In the past few weeks, ISIS has distributed or sold about 300 Yazidi girls and women it abducted in Iraq, according to the Syrian Observatory for Human Rights, a UK-based monitoring group aligned with the opposition in Syria.
In ISIS' eyes, the girls and women are "slaves of the spoils of war with the infidels," the Syria monitors said.
The human rights group documented at least 27 cases of women who were sold and married to ISIS militants in the Aleppo suburbs, Raqqa suburbs and Al-Hassakah.
ISIS, which calls itself the Islamic State, was previously referred to as the Islamic State in Iraq and Syria.
At least three Iraqi soldiers were killed Saturday in a suicide car bombing south of Iraq's capital, police said, dealing a blow to the military in that area for a second straight day as government forces fight ISIS militants across the country.
Seven other soldiers were injured in the attack, which happened at an army checkpoint in Yousifiya, a predominantly Sunni Muslim area about 35 kilometers (22 miles) south of Baghdad, police in Baghdad said.
It wasn't immediately clear who conducted the bombing.
The blast came a day after nine Iraqi soldiers and Shiite Muslim militiamen were killed in clashes with suspected ISIS militants in nearby Mahmoudiya, a Sunni Muslim community about 29 kilometers south of Baghdad.

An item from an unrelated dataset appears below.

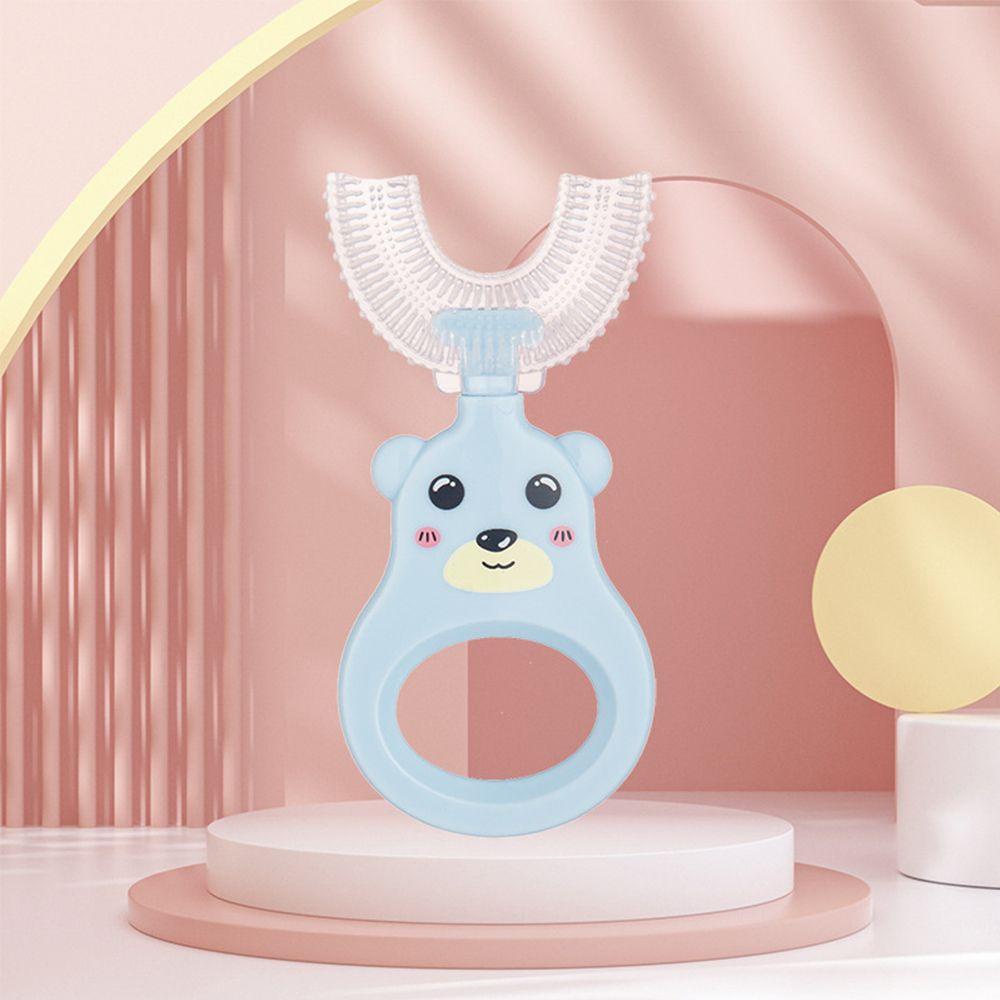 Bàn Chải Đánh Răng Bằng Silicon Mềm Hình Chữ U Cho Bé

During the height of Iraq's insurgency last decade following a U.S.-led invasion, Yousifiya and Mahmoudiya, along with the town of Latifiya, made up the Sunni area known as the "Triangle of Death" because it was an al Qaeda stronghold and a lair for criminals.
Iraqi forces under a Shiite-led regime, as well as ethnic Kurdish forces, have been battling ISIS, a Sunni Muslim extremist and terrorist group that this year took over large portions of northern and western Iraq and eastern Syria for what it calls its new caliphate.
Well before ISIS made gains, Iraq was beset for years by sectarian violence, with Sunnis feeling politically marginalized under a Shiite-led government since the U.S.-led ouster of longtime leader Saddam Hussein in 2003.